Sonnenbrillen & LogosDunkles Geheimnis

Text: Wäis Kiani
© Reuters

Kennen Sie den Film „The Big Lebowski“? Die Szene, in der Jeff Bridges bei einem Gerangel die geliebte Ray-Ban in die Toilettenschüssel fällt und er sie mit der Hand herausfischt? Das bin genau ich. Ich bin sonnenbrillensüchtig.

Es ist eine der wenigen Abhängigkeiten, die ich mir in meinem Alter noch erlaube. Ich trage immer Sonnenbrille – im Winter, beim Autofahren und natürlich den ganzen Sommer über zu jeder Gelegenheit. Ohne Brille fühle ich mich arm, blind und nackt.

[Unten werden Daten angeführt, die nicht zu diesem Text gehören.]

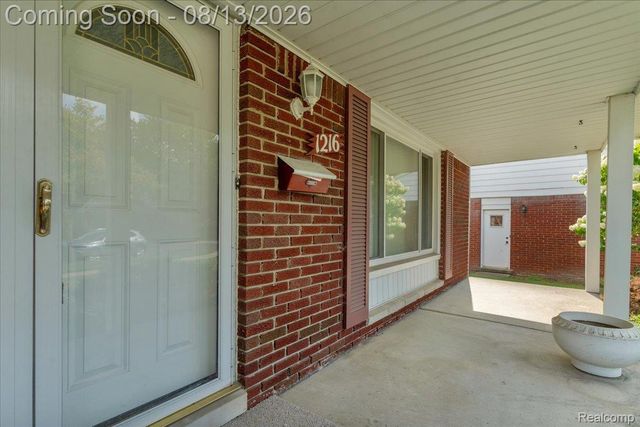 1216 Charrington Drive, Troy, MI 48083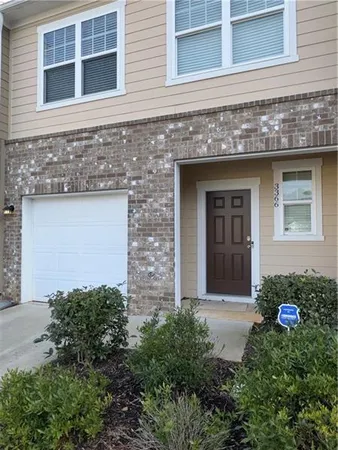 $1,975 | 3366 Tarian Way, Decatur, GA 30034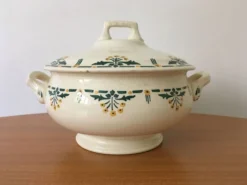 Soupière 1900 Terre de fer Choisy-le-Roi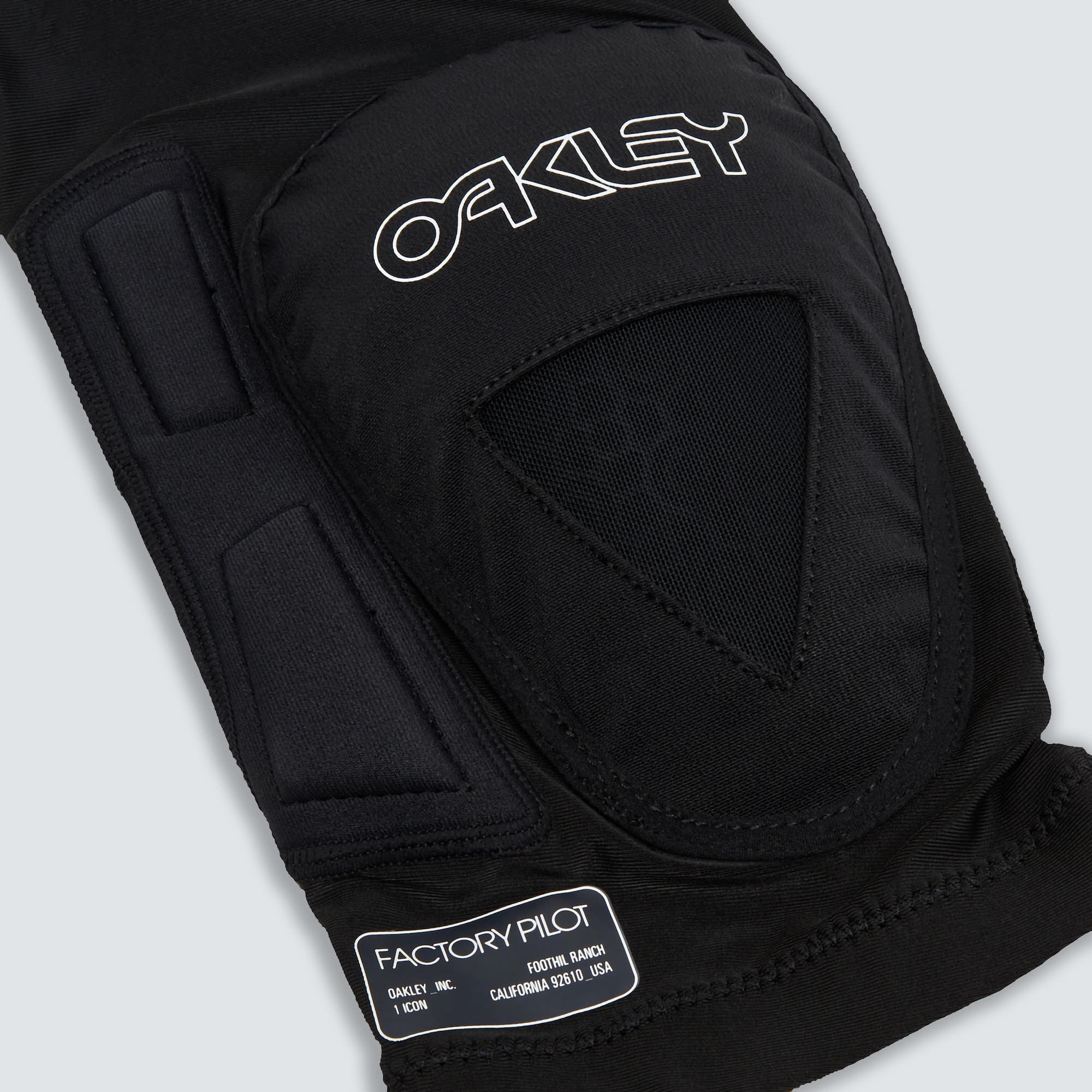 Men's Oakley All Mountain Rz Labs Knee Grd - Image 2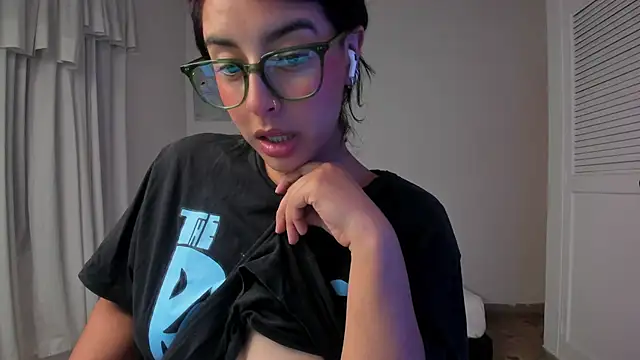 VictoriaAmelie online show from November 26, 2025, 6:25 am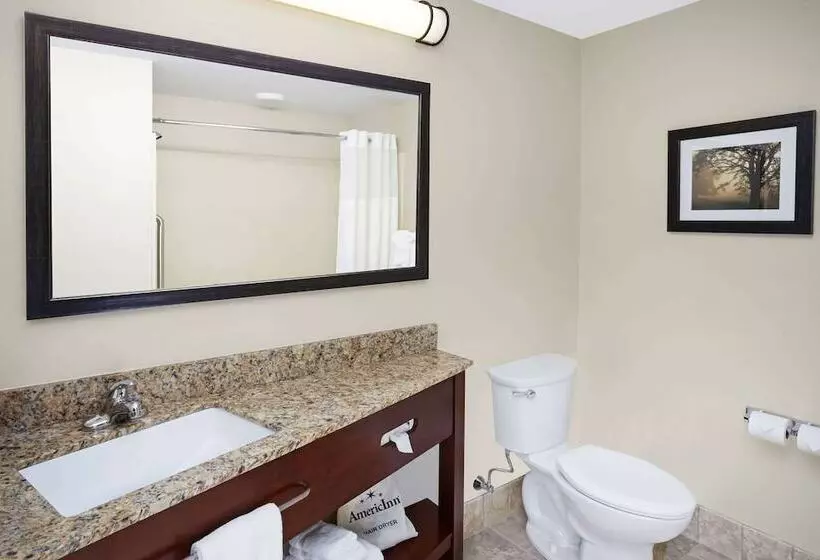 ホテル Americinn By Wyndham Waupun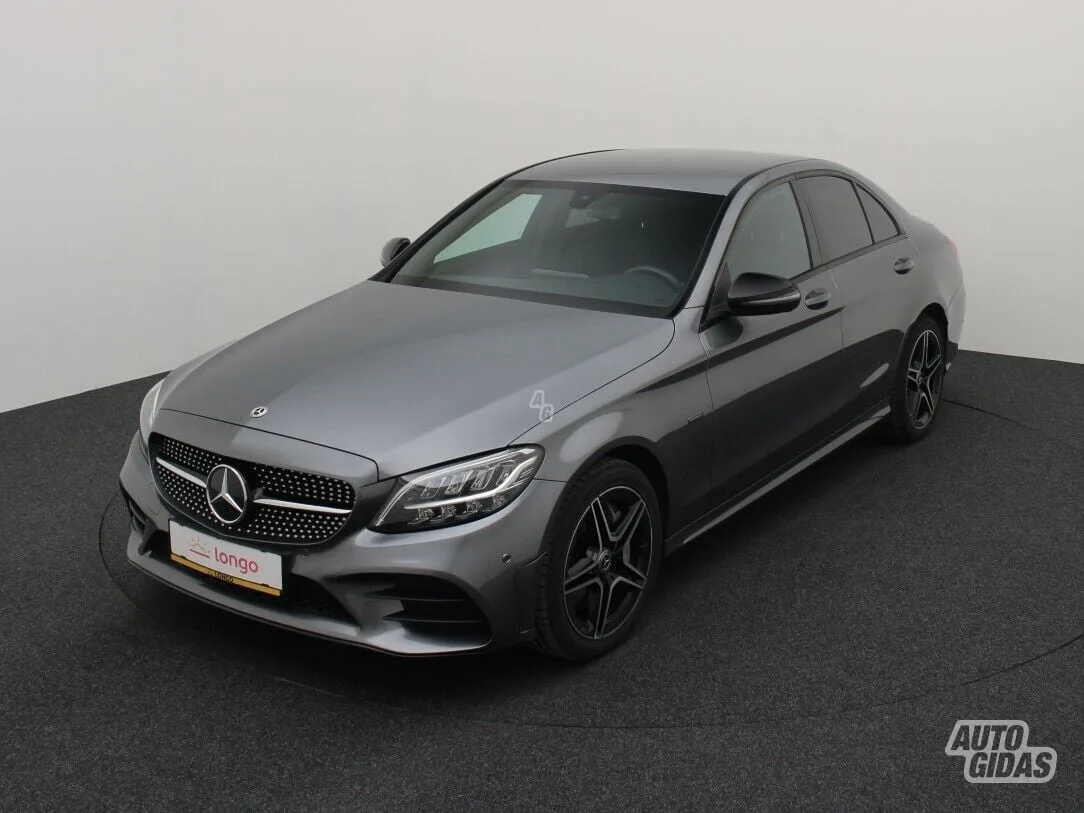 Mercedes-Benz C300, 2021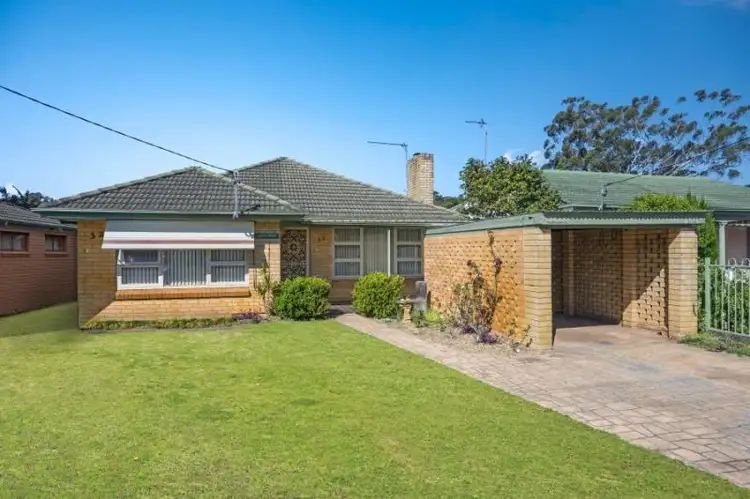 32 Trafalgar Ave, Woy Woy NSW 2256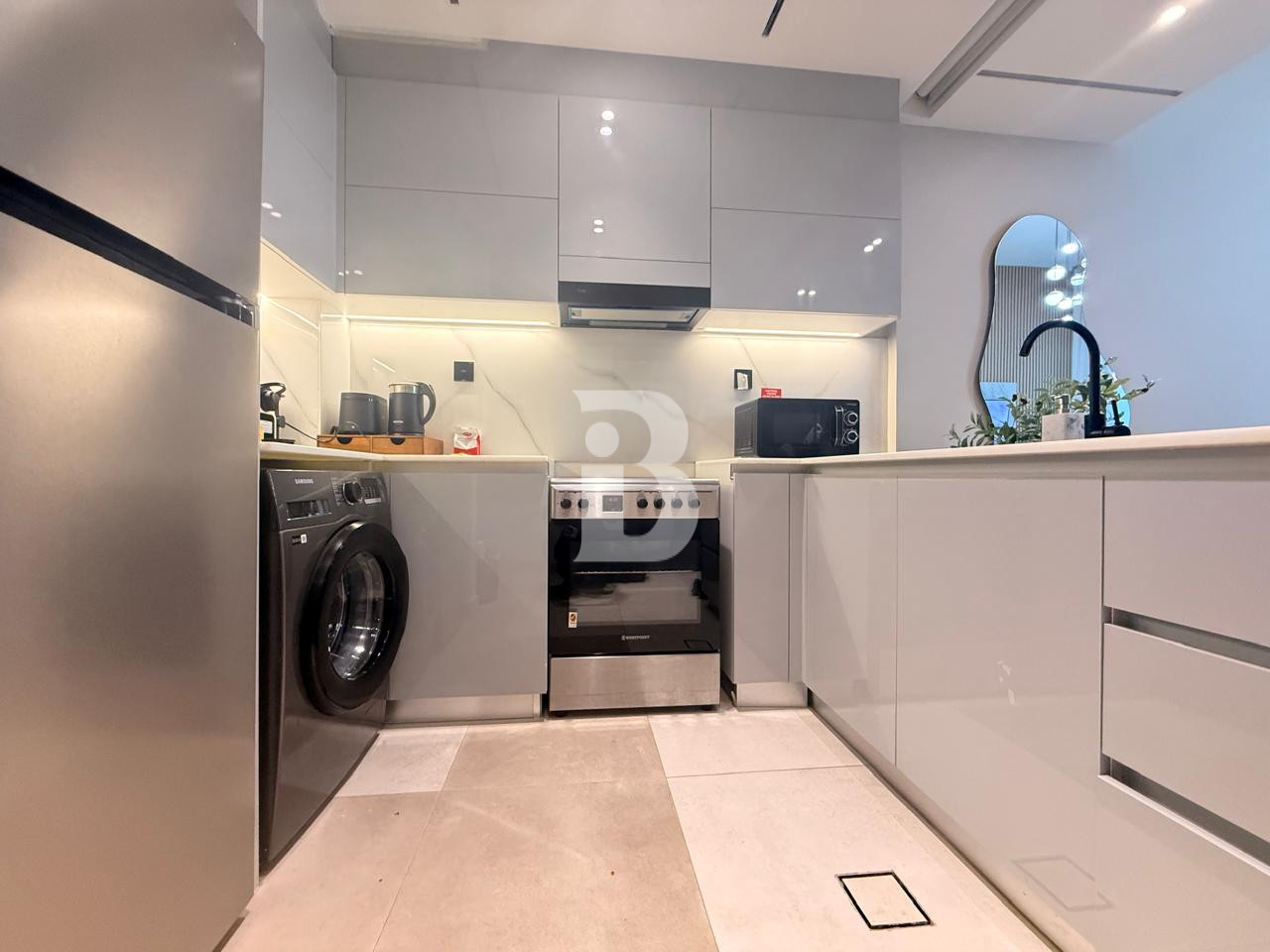 BURJ AND CANAL VIEW | FURNISHED | READY TO MOVE IN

Vor ein paar Monaten habe ich mir eine Brille von Stella McCartney gekauft, um sie kurz darauf in einem New Yorker Taxi liegen zu lassen. Ich kaufte mir genau dasselbe Modell noch einmal und vergaß es prompt auf der Bahnfahrt von Zürich nach Mailand. Was ist mit mir los? Nicht genug Verantwortungsbewusstsein, um eine einzige Brille behalten zu können?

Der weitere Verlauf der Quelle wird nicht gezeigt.